Environment

A Vestas wind turbine photographed in Denmark. The company said Tuesday it would launch an onshore wind turbine tower with a hub height of 199 meters.
Jonas Walzberg | Picture Alliance | Getty Images

Danish firm Vestas said Tuesday it was launching an onshore wind turbine tower with a hub height measuring 199 meters (just under 653 feet), in the latest example of how the sector is turning to increasingly large structures.

In a statement, the Aarhus-headquartered company described it as “currently the world’s tallest onshore tower for wind turbines.”

Vestas said the launch was being undertaken in cooperation with German business Max Bögl.

Vestas said the tower’s height would make it “possible to harvest stronger and more constant wind” and boost a turbine’s electricity production.

“Especially for projects in Central Europe that are generally constrained in available planning space, this makes an important contribution to maximising the production of green electricity,” it added.

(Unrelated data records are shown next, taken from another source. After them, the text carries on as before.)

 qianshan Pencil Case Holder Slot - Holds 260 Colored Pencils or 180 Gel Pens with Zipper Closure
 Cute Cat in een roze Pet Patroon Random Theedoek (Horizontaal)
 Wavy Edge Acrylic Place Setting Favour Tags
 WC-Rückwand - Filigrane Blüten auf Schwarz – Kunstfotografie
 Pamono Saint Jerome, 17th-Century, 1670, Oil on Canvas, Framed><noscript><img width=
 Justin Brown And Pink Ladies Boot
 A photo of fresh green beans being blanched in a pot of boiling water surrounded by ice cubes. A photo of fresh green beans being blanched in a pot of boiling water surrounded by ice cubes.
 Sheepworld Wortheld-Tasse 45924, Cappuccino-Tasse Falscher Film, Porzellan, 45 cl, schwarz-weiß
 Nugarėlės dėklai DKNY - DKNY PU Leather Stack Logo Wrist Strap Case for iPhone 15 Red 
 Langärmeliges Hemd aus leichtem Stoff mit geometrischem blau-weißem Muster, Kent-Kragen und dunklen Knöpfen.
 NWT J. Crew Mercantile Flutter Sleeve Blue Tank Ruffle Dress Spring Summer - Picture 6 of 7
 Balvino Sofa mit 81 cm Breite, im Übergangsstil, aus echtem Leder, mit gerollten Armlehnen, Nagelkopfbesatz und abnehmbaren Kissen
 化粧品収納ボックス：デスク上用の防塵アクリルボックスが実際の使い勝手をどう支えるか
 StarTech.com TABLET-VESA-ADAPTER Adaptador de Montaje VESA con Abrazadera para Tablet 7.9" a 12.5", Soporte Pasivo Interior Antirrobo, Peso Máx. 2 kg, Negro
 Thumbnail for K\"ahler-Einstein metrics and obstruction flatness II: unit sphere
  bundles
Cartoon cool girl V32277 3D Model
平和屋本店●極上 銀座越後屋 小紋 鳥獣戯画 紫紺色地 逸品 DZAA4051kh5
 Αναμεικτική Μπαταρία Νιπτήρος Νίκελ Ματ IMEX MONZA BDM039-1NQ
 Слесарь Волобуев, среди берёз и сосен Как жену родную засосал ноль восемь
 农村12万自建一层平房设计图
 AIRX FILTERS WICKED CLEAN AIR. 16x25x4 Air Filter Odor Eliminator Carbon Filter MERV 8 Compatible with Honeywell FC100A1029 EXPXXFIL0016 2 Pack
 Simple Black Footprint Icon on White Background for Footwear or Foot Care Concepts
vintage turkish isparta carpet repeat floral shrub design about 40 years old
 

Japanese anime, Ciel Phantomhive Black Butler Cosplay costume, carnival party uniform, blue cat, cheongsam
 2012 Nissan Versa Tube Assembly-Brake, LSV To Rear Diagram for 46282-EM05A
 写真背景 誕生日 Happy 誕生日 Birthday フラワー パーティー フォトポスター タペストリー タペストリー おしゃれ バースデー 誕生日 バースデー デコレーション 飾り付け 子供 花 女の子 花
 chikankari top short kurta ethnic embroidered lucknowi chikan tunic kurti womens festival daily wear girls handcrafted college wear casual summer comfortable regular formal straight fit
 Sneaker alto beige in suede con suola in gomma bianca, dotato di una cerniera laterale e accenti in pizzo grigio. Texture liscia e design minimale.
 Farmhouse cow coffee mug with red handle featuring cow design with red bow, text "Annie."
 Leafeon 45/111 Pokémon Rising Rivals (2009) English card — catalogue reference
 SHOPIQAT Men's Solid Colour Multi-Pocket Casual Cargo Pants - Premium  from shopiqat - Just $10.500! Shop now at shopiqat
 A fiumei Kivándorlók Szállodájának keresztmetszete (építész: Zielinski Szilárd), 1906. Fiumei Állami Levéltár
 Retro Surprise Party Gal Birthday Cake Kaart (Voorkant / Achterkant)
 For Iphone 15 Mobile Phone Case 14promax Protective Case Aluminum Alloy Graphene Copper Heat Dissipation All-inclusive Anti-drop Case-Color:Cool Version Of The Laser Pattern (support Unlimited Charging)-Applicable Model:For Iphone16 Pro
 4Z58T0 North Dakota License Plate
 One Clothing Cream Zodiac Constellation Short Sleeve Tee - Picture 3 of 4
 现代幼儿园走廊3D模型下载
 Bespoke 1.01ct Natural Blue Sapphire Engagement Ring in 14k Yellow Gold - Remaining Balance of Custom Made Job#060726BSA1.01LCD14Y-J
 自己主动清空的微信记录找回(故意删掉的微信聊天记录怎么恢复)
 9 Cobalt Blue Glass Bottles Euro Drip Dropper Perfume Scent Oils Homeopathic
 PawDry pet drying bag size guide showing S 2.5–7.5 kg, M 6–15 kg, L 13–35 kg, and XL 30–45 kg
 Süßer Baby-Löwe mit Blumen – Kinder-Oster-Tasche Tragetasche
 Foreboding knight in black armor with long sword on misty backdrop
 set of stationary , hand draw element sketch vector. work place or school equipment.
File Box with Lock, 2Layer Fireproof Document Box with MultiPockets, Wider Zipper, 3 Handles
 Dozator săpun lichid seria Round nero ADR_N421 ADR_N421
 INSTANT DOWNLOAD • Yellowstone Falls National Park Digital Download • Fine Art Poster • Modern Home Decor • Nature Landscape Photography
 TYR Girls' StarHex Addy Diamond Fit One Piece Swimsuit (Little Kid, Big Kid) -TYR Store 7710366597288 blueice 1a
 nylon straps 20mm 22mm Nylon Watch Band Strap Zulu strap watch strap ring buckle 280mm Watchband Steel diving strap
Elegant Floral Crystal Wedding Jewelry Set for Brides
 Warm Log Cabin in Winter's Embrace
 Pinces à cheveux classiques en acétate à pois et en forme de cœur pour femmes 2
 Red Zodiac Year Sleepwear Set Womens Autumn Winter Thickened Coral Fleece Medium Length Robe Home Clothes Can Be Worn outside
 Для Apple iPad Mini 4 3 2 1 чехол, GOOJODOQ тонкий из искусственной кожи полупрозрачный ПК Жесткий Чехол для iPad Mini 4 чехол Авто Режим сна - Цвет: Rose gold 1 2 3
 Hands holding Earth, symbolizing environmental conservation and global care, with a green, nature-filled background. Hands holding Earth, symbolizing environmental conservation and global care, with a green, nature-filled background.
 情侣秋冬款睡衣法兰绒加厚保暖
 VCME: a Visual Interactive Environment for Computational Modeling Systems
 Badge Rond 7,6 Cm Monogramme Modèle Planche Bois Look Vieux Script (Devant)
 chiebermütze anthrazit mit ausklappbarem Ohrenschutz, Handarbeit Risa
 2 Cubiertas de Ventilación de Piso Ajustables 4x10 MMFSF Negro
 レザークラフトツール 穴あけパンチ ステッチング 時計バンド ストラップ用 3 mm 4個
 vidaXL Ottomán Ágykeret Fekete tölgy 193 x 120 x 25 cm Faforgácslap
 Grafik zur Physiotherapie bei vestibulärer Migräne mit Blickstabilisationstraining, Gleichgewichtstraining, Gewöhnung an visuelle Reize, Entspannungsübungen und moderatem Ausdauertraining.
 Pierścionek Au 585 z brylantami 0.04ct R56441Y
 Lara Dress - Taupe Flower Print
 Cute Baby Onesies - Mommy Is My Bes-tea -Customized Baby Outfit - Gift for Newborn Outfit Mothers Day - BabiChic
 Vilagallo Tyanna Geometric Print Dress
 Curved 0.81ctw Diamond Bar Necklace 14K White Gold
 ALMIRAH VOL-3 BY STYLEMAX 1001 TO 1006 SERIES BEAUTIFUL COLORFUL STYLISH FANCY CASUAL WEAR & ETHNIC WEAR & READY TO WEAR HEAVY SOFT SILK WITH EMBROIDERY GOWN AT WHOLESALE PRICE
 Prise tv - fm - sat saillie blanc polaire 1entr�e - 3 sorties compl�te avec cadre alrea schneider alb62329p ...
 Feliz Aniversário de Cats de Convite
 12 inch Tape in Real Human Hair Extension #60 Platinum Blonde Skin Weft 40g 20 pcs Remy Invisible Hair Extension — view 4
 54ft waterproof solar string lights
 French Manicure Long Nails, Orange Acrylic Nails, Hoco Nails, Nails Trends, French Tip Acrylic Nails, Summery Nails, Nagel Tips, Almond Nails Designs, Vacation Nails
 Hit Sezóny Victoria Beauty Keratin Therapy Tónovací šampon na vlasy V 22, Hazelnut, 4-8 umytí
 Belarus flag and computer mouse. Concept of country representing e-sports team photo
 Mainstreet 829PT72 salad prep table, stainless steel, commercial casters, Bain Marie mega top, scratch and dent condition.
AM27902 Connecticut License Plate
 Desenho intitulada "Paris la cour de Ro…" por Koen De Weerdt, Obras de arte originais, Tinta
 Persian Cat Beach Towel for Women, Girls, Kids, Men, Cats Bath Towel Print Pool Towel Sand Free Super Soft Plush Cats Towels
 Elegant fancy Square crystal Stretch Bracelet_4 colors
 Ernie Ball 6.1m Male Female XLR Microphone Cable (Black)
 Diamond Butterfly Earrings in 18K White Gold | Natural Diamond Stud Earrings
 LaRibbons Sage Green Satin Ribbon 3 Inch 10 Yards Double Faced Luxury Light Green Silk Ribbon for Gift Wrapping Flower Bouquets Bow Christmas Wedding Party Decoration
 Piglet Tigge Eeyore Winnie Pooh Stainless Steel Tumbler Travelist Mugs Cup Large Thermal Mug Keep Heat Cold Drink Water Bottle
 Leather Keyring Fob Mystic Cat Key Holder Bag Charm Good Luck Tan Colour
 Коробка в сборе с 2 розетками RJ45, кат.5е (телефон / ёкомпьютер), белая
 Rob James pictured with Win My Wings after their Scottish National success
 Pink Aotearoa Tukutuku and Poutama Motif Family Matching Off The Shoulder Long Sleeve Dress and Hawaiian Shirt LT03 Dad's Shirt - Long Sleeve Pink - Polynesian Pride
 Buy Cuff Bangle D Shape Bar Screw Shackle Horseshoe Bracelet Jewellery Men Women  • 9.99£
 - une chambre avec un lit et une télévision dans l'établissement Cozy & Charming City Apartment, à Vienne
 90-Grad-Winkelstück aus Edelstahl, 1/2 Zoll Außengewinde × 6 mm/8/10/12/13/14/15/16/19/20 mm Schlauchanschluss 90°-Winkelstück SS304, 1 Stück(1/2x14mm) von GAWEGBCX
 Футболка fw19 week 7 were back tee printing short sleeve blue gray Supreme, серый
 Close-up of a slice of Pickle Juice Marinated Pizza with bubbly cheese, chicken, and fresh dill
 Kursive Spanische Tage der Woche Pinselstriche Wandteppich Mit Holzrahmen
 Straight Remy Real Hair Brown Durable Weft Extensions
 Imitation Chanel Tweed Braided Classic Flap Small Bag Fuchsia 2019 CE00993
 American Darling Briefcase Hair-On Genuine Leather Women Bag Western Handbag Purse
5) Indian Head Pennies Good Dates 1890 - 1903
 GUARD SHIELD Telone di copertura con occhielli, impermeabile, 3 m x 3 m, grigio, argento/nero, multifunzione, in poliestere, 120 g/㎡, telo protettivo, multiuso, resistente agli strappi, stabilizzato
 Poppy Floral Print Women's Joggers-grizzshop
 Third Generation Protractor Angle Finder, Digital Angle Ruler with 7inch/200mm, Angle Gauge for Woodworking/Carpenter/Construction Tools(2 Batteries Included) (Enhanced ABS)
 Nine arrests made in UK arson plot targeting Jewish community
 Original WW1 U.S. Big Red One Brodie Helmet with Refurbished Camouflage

The tower has been designed to be used by Vestas’ V172-7.2MW turbine. The idea is to use it in Germany and Austria. Installations will be offered in 2025.

The tower uses both concrete and steel, combining what Vestas called “proprietary technologies” from itself and Max Bögl.

Towers are important components of a wind turbine, with crucial kit including the nacelle and blades resting on top of them. The U.S. Department of Energy defines a turbine’s hub height as being “the distance from the ground to the middle of the turbine’s rotor.”

The DOE adds that the hub height for onshore, utility-scale turbines “has increased 66% since 1998–1999, to about 94 meters (308 feet) in 2021.” This is around the same height as the Statue of Liberty.

At 199 meters, Vestas’ hub height would be significantly taller.

The growing size of wind turbines has led to concerns about whether port infrastructure, highways and the ships used to install turbines at sea can cope. Despite this, an era of “super-sized” turbines is fast approaching.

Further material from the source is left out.